LEFT TO TELL, by Immaculée Ilibagiza with Steve Erwin
Immaculée Ilibagiza. Left To Tell: Discovering God Amidst the Rwandan Holocaust. California: Hay House. 2006. Also available as an Audio Book.
This is a story of the Rwandan genocide, told in simple, direct language. It is the story of the triumph of faith over unimaginable adversity.
Until quite recently, I worked for the tribunal the UN set up to try the perpetrators and organisers of the genocide. Even the peripheral contact I had with the events, ten years after they occurred, was highly traumatic. In the end, I needed counselling. One of the reviewers of the book says he cannot imagine how people who have undergone such adversity manage to live normal lives afterwards. I cannot imagine it myself.
Immaculate Ilibagiza is a brave woman. Her bravery is based in her very strong belief in her God. She and six other women stayed in a tiny bathroom for three months, fed on scraps by the pastor who was hiding them. During that time, she placed her trust entirely in God. Her faith survived the loss of all but one member of her immediate family. It survived the betrayal of her friends, teachers and boyfriend. Such faith is rare, and I can only respect a person who has it.
However, though there is strong element of faith in the book, it is not a holy-roller treatise. It is a chronicle of the hundred days of madness that took hold of Rwanda from April to June 1994.

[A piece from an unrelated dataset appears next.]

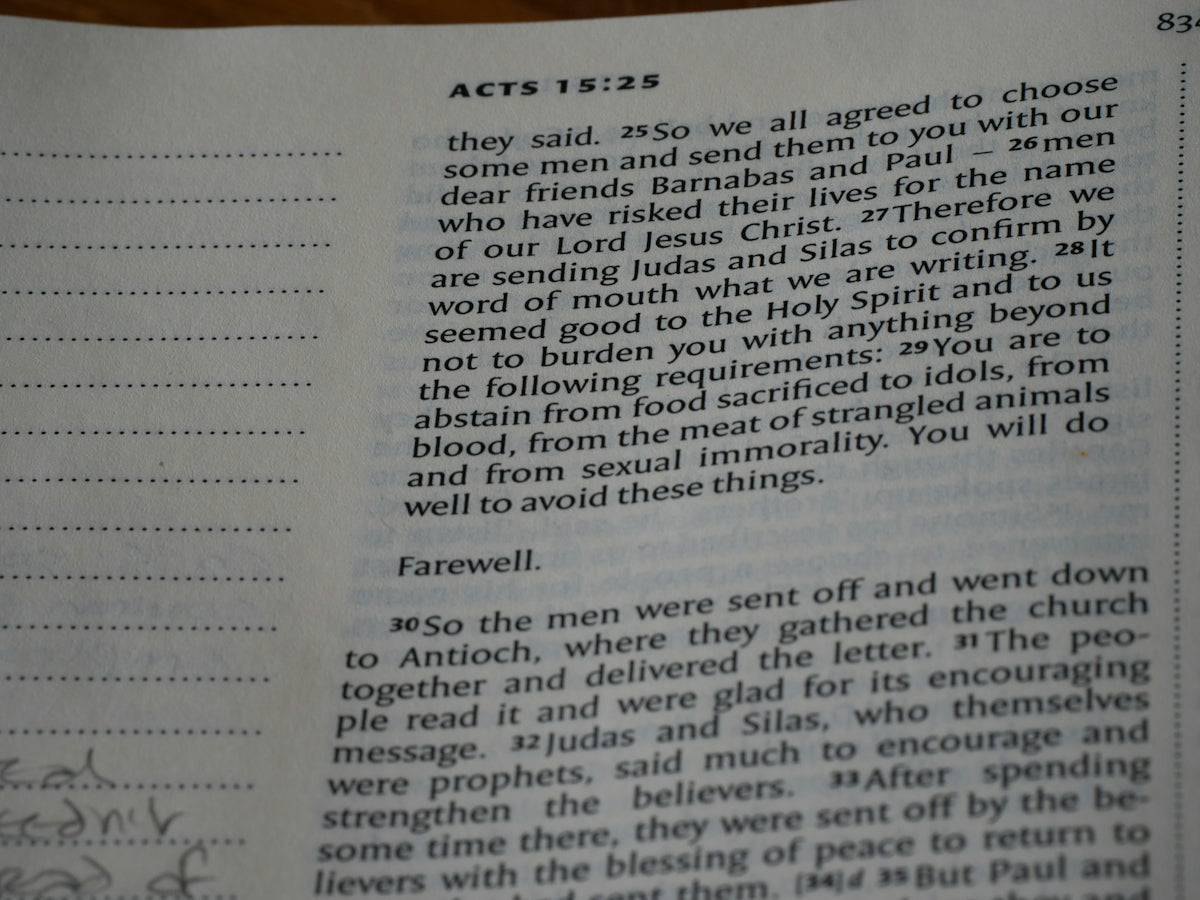 A close up of a book with writing on it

Crimes of a sexual nature committed during the genocide were particularly horrible. Sons were forced to rape their mothers, fathers forced to sleep with their daughters, and pregnant women eviscerated. Women were raped by groups of men, and objects like sticks and machetes pushed up their private parts. I can only cringe in horror when I think of what could have happened to Ilibagiza in that regard. Luckily, it did not. But terrible things happened to her family members.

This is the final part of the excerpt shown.